In the afternoon a round table took place to discuss the constitution of the Manchester’s team of transversal technicians. Sahera, Sophie, Martin and Natalie presented their ideas and implementation strategies. There were comments by Liz Jones, the Professor at the institute representing the project, and Hauke Hauke Straehler-Pohl, from Freie University, Berlin, who represents Germany in the project. During the discussion many questions were raised concerning the vicissitudes that a project involving direct work with local communities encompasses. I highlight some that may stimulate some comments:
a) How to work with local communities from a place in the academia?
b) How to conceptualise communities’ problems not as their own problems, but as problems caused by macro dynamics external to those communities?

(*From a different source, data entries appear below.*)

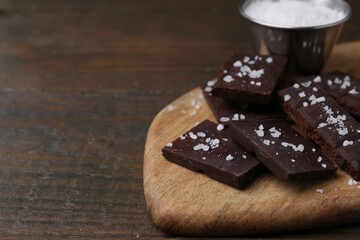 Pieces of chocolate with salt on wooden table, closeup. Space for text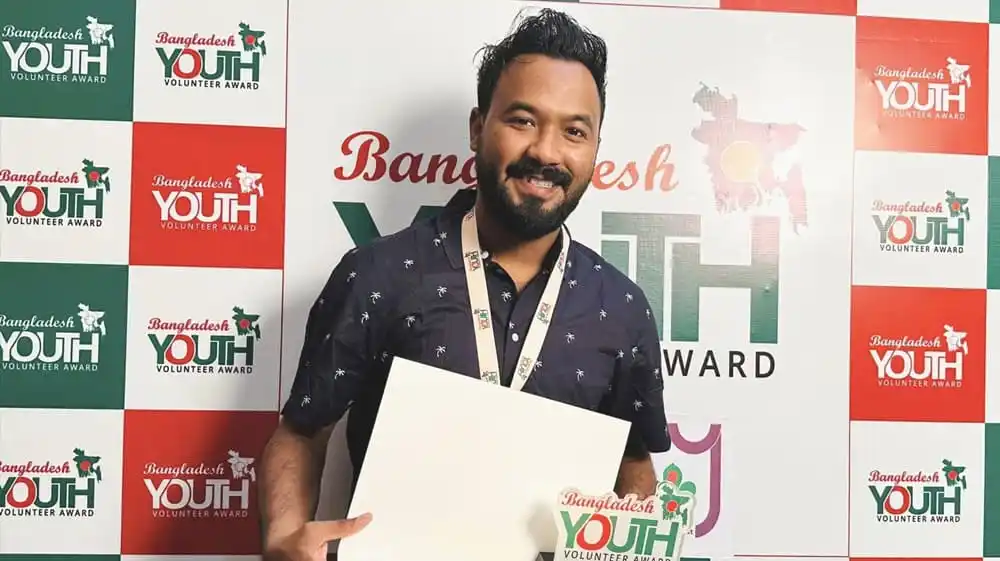 পলাশের ‘ডাকবাক্স’ প্রকল্পের জন্য সম্মাননা গ্রহণ করছেন একজন ব্যক্তি. Channel i News - চ্যানেল আই নিউজ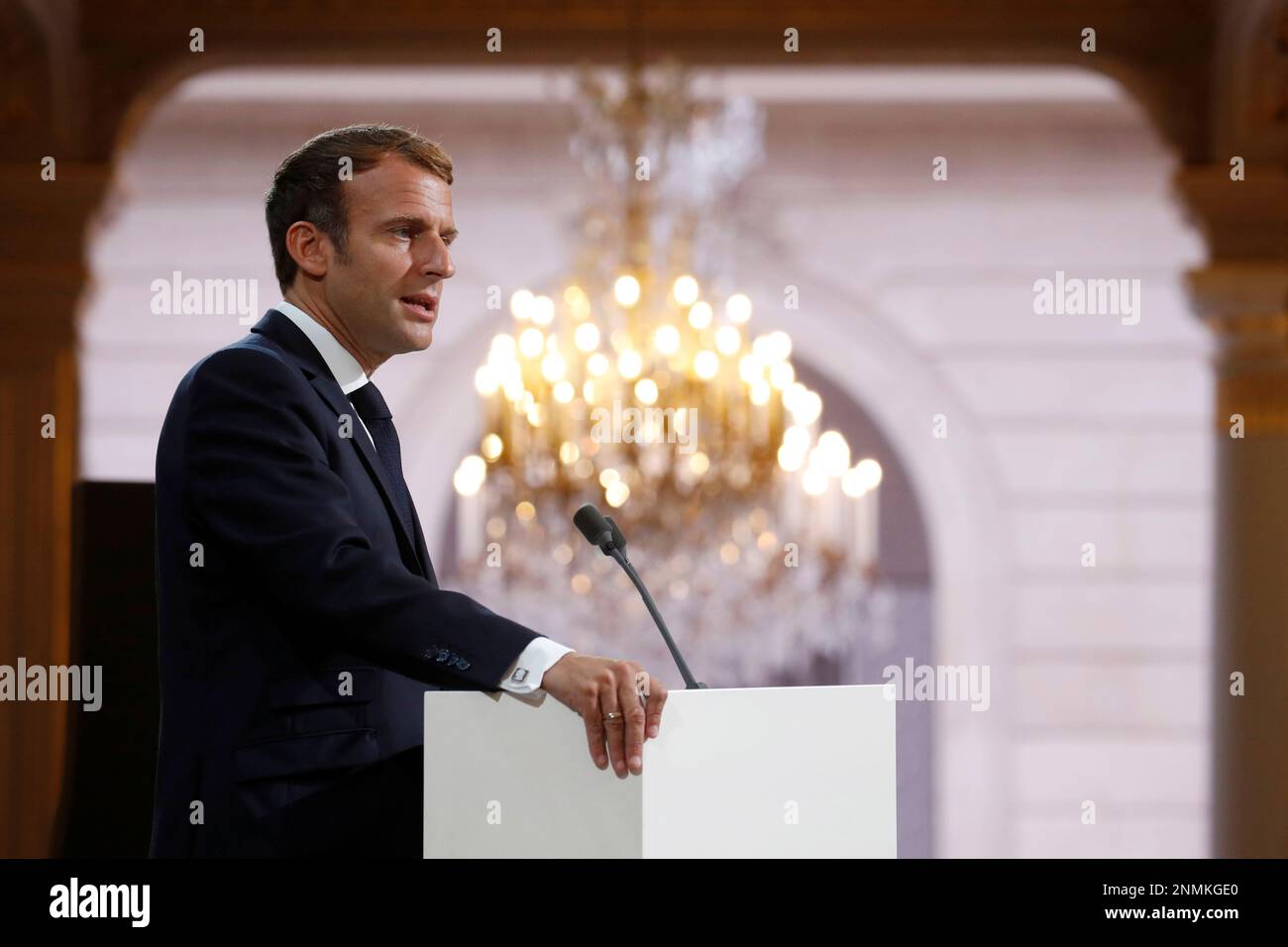 French President Emmanuel Macron delivers a speech during a meeting in memory of the Algerians who fought alongside French colonial forces in Algeria's war, known as Harkis, at the Elysee Palace in Paris, Thursday, Sept. 20, 2021. Macron's speech is the latest step in his efforts to reconcile France with its dark colonial past, especially in Algeria. (Gonzalo Fuentes/Pool Photo via AP) Stock Photo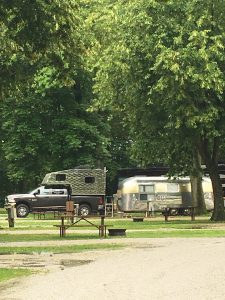 Airstream and Travel Trailer with a truck and trees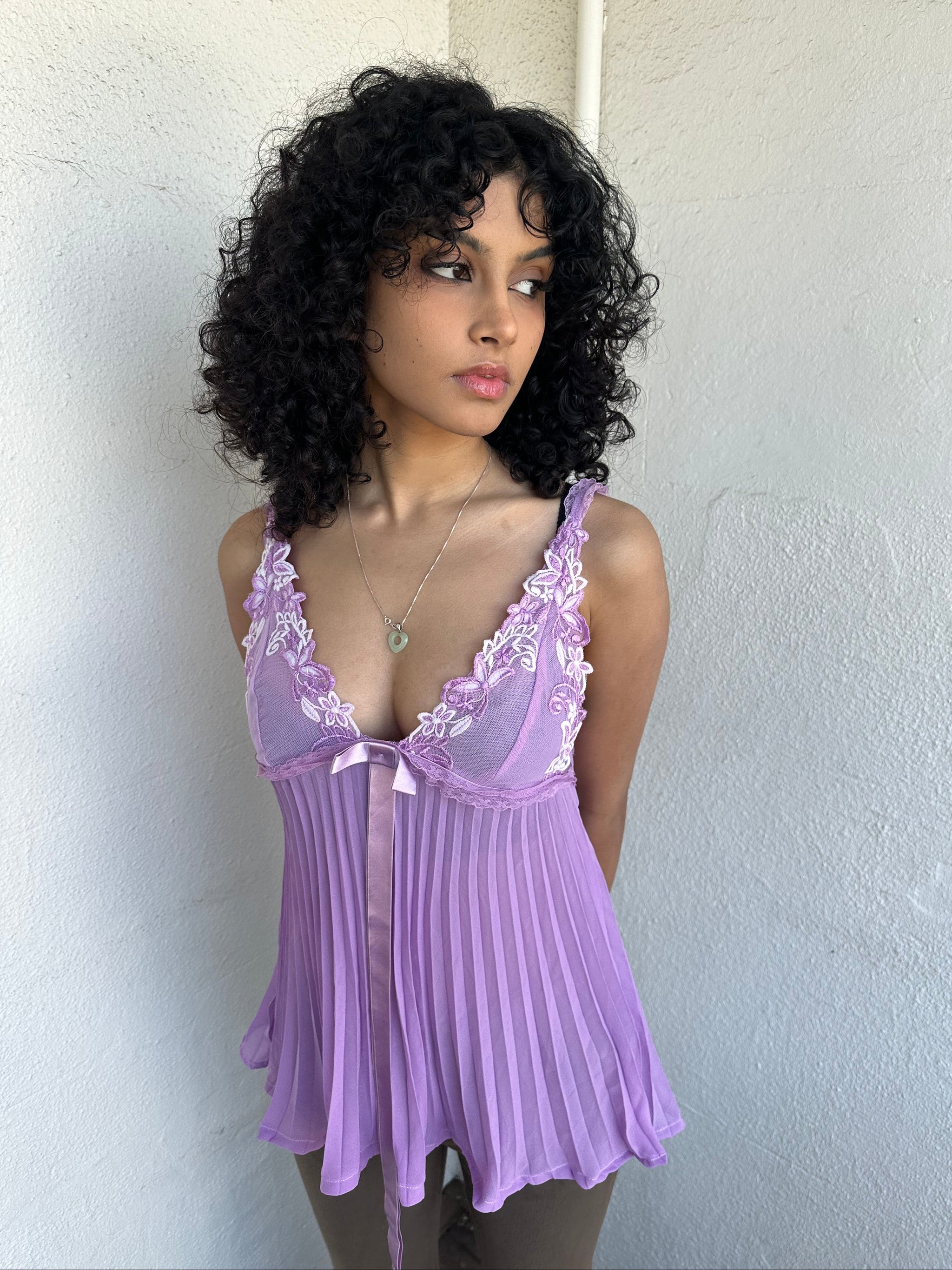 Woman wearing a Y2K 00s Lilac floral embroidered bust cami with a floaty, pleated A-line shape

c) What can local communities teach us about European policies?
d) How to create spaces of dialogue and conflict between people that have been separated from the social fabric and local and global authorities?
e) How to align different local communities, some of them in conflict within themselves, towards a common goal?
f) How to address the issues of communication deriving from the different languages used in the project?
These are some of the questions that we discussed which will be central to our project. We thank all the participants in the seminar for their ideas and discussions. This was revealed to be a very productive day as part of the ongoing construction of the European application. The team will have the next two months to finish the proposal and submit to the European Council. We may not win the grant, as this is a very competitive application, but the pleasure of knowing new people and the possibility to further develop a movement that goes beyond an academic project has already made this work worthwhile.